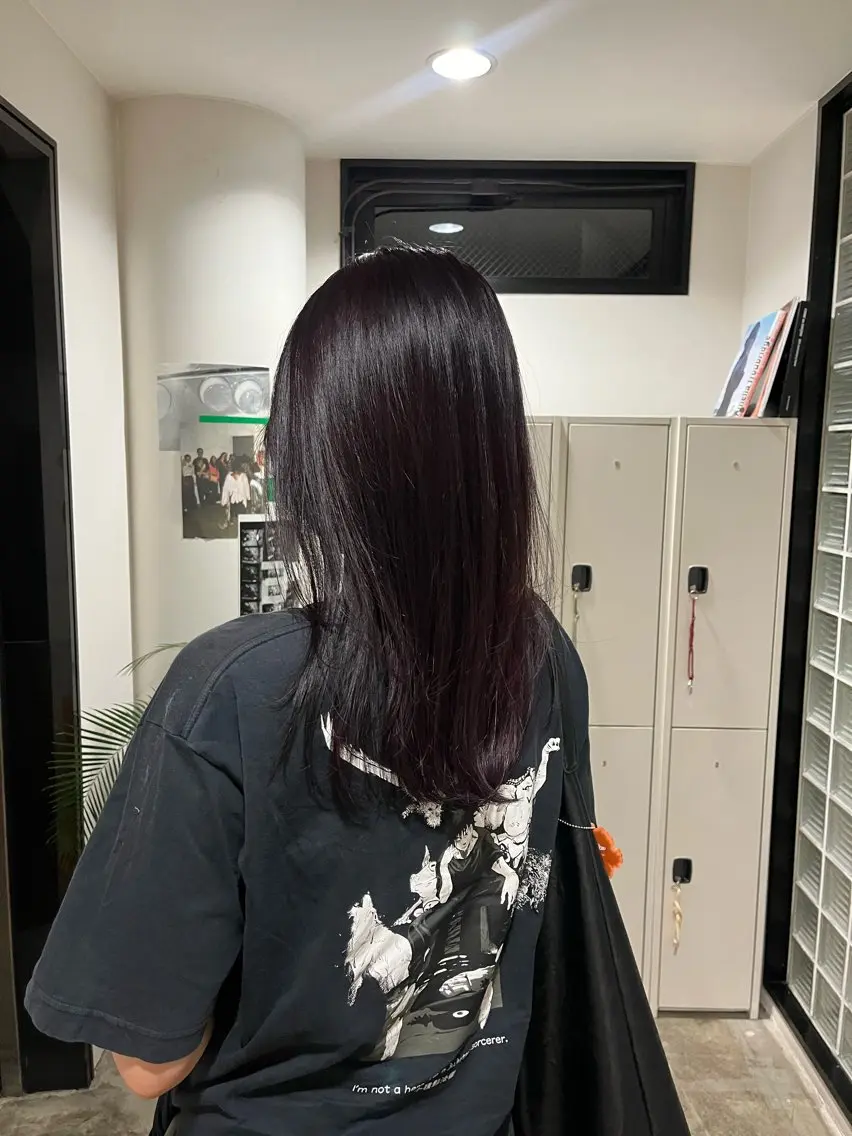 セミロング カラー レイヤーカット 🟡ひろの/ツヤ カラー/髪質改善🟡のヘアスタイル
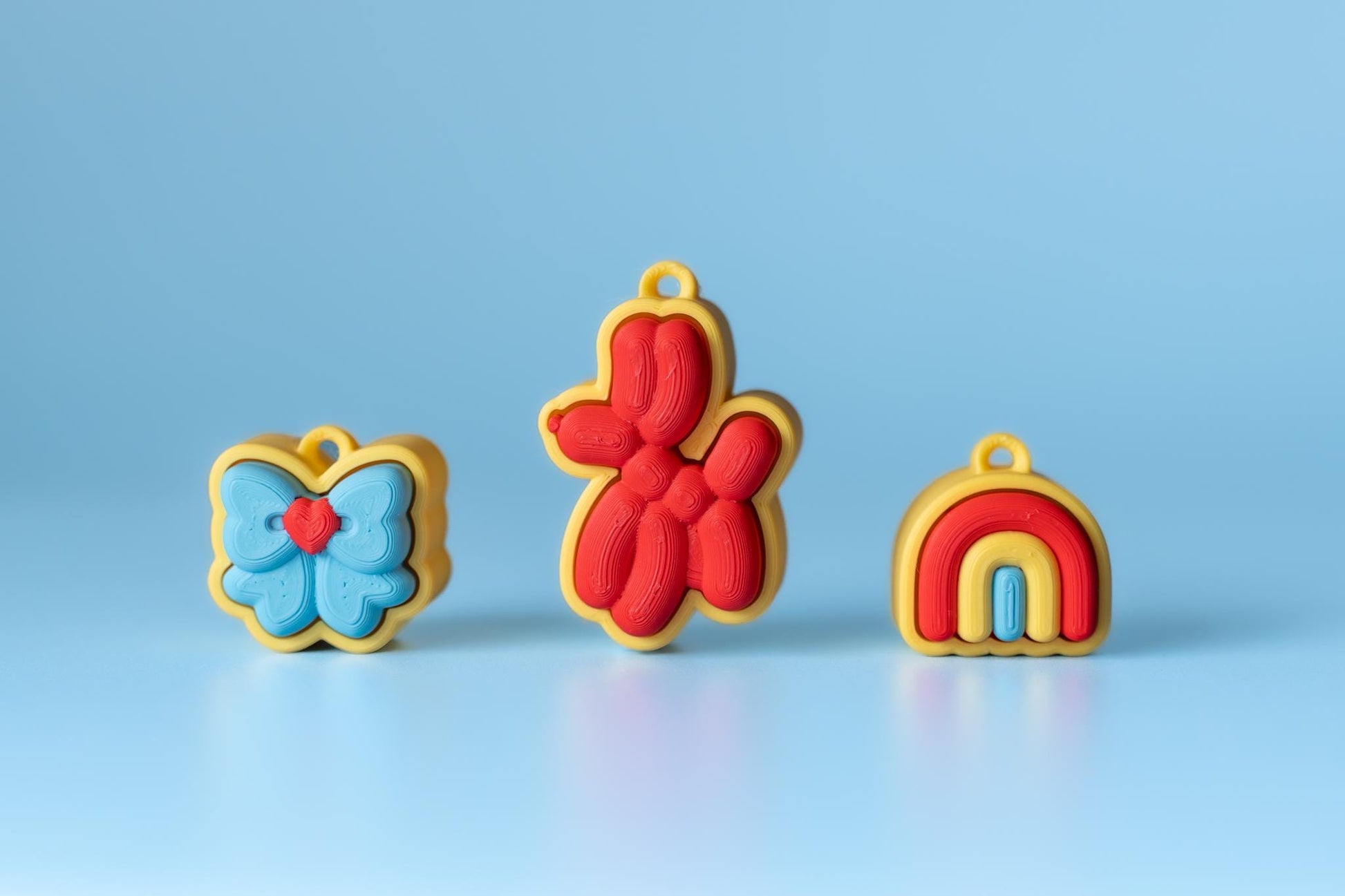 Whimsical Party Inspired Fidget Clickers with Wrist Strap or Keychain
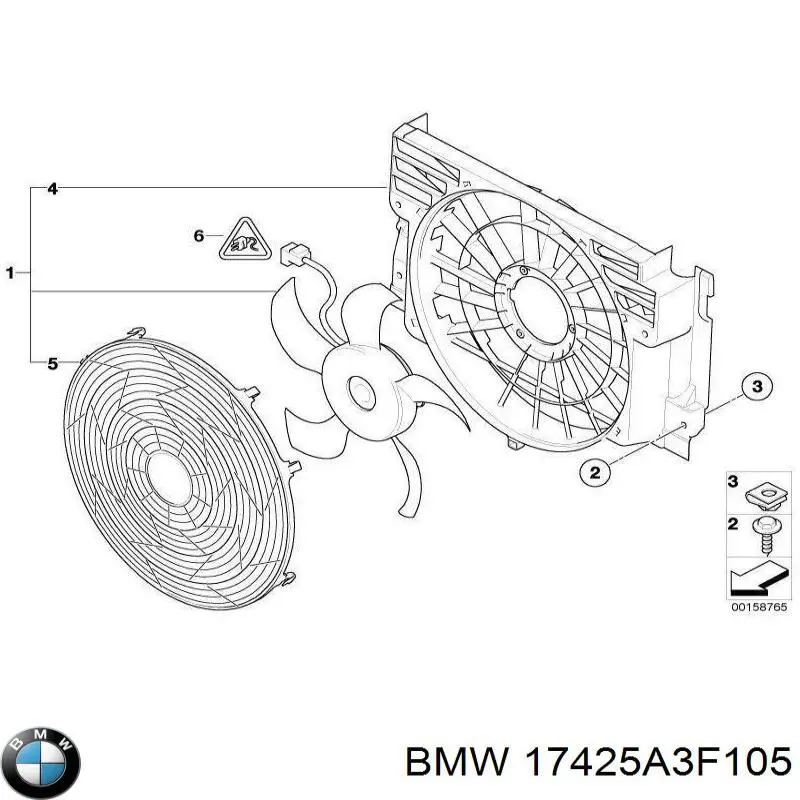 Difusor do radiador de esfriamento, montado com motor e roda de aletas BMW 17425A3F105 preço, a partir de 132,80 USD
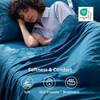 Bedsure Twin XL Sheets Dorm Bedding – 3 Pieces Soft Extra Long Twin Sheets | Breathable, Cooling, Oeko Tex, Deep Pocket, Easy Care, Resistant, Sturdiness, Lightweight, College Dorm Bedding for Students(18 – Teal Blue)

===============

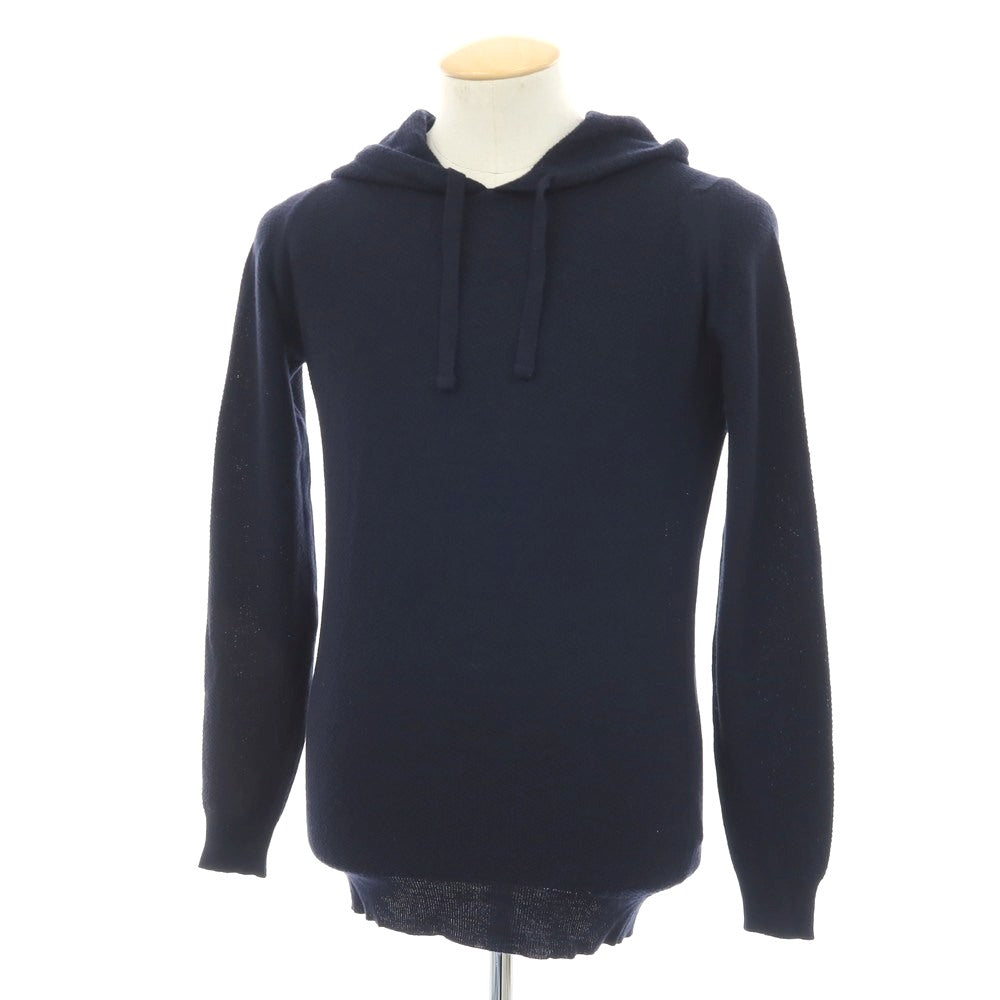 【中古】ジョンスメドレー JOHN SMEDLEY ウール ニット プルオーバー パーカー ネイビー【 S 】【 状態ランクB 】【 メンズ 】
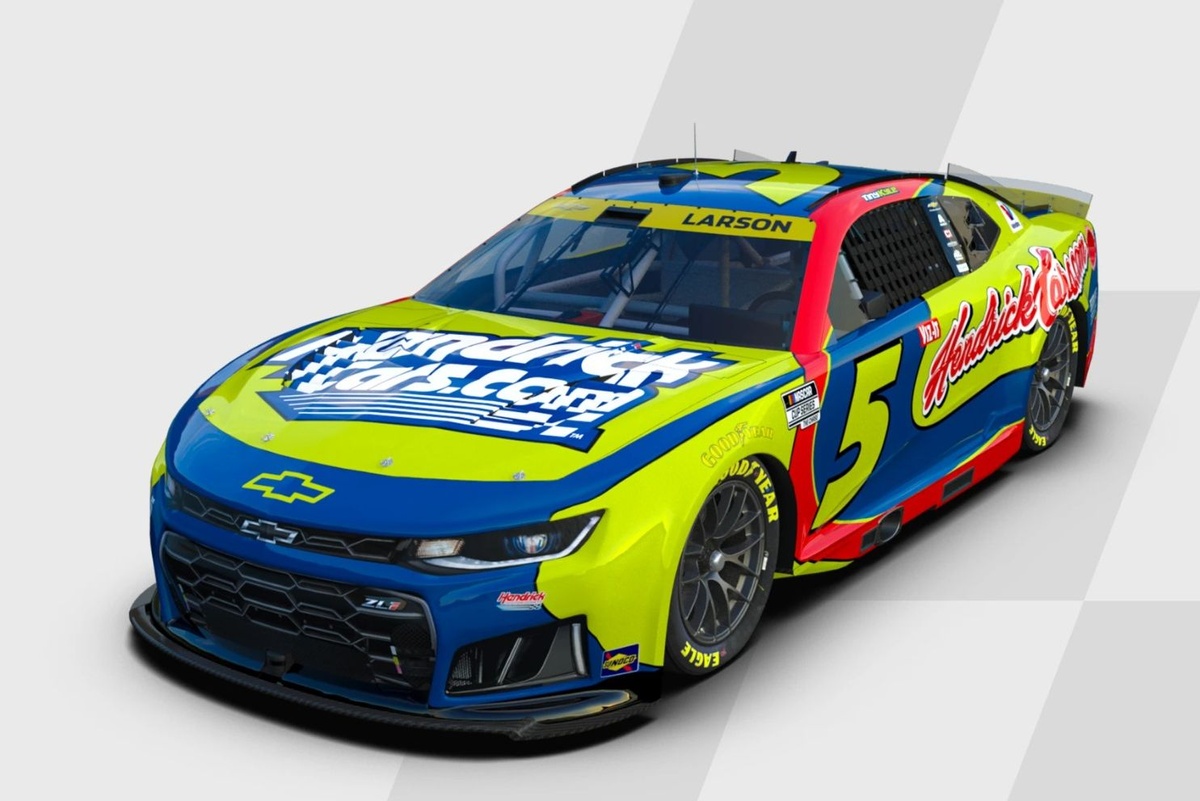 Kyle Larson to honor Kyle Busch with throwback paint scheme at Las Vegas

===============

### Description of the task:
The answer is the lines of the material above, from the one containing "Whimsical Party Inspired" down to the one containing "Difusor do radiador", given exactly and without images.

### Response:
 Whimsical Party Inspired Fidget Clickers with Wrist Strap or Keychain
 Difusor do radiador de esfriamento, montado com motor e roda de aletas BMW 17425A3F105 preço, a partir de 132,80 USD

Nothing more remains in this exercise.